_What is being asked_:
Every entry is to be restated exactly; pictures are not part of the copy.

*** Begin section ***

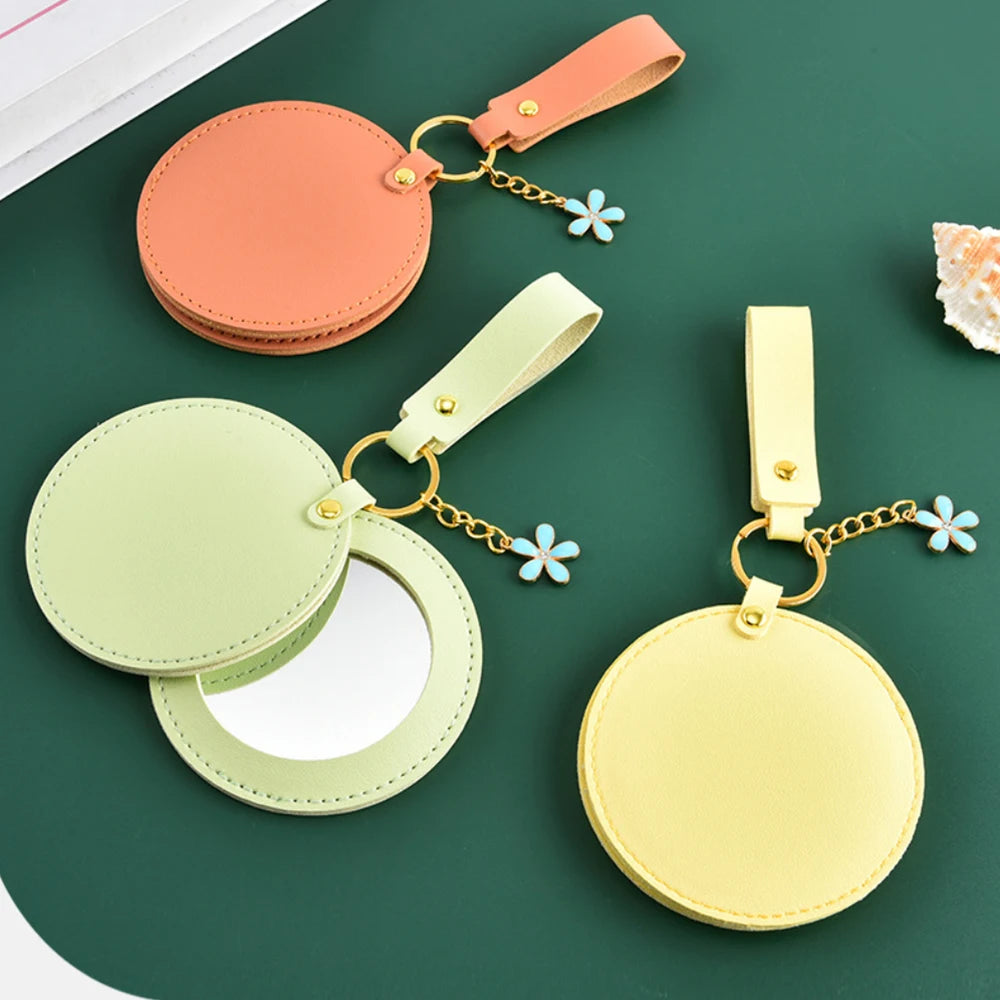CX552  Portable Pocket Mirror Round Mini Travel Mirror Rotate Pocket Mirror Stainless Steel For Bag Home Shopping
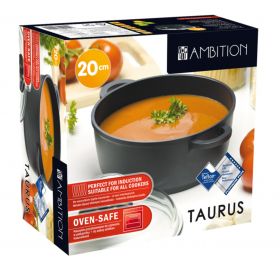 Oala cu capac Taurus, Ambition, 20 cm, 2.3 L, aluminiu turnat, invelis teflon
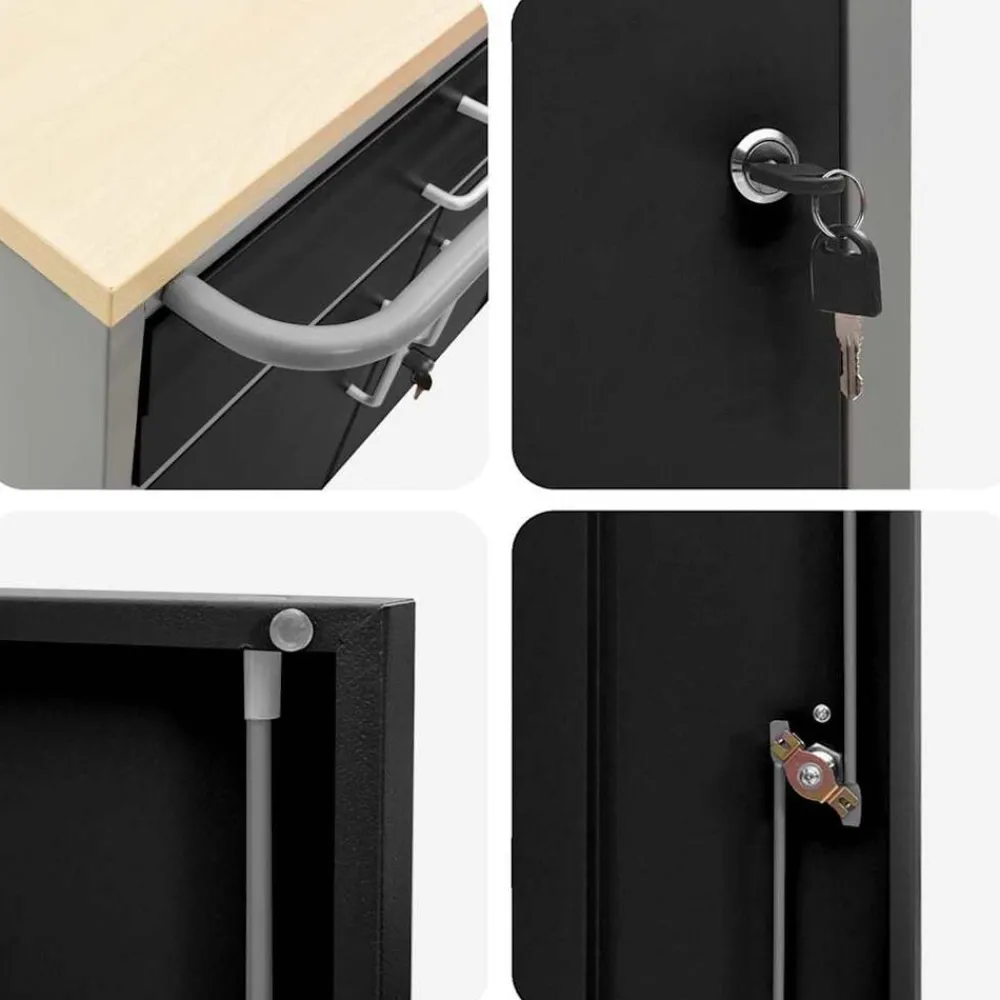 vidaXL Banco de Taller con cajón y Gris 75 x 45 x 85 cm Negro Outlet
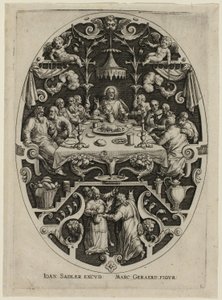Última Ceia, da Paixão de Cristo de Jan Sadeler I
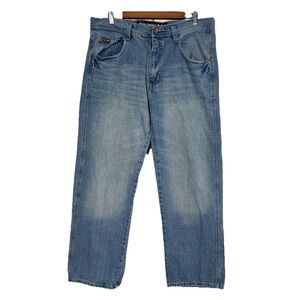 Vintage 5ive Jungle Jeans Mens 36x31 Blue Denim Baggy Embroidered Distressed Y2k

*** End section ***

_Result for this exercise_:
CX552  Portable Pocket Mirror Round Mini Travel Mirror Rotate Pocket Mirror Stainless Steel For Bag Home Shopping
 Oala cu capac Taurus, Ambition, 20 cm, 2.3 L, aluminiu turnat, invelis teflon
 vidaXL Banco de Taller con cajón y Gris 75 x 45 x 85 cm Negro Outlet
Última Ceia, da Paixão de Cristo de Jan Sadeler I
 Vintage 5ive Jungle Jeans Mens 36x31 Blue Denim Baggy Embroidered Distressed Y2k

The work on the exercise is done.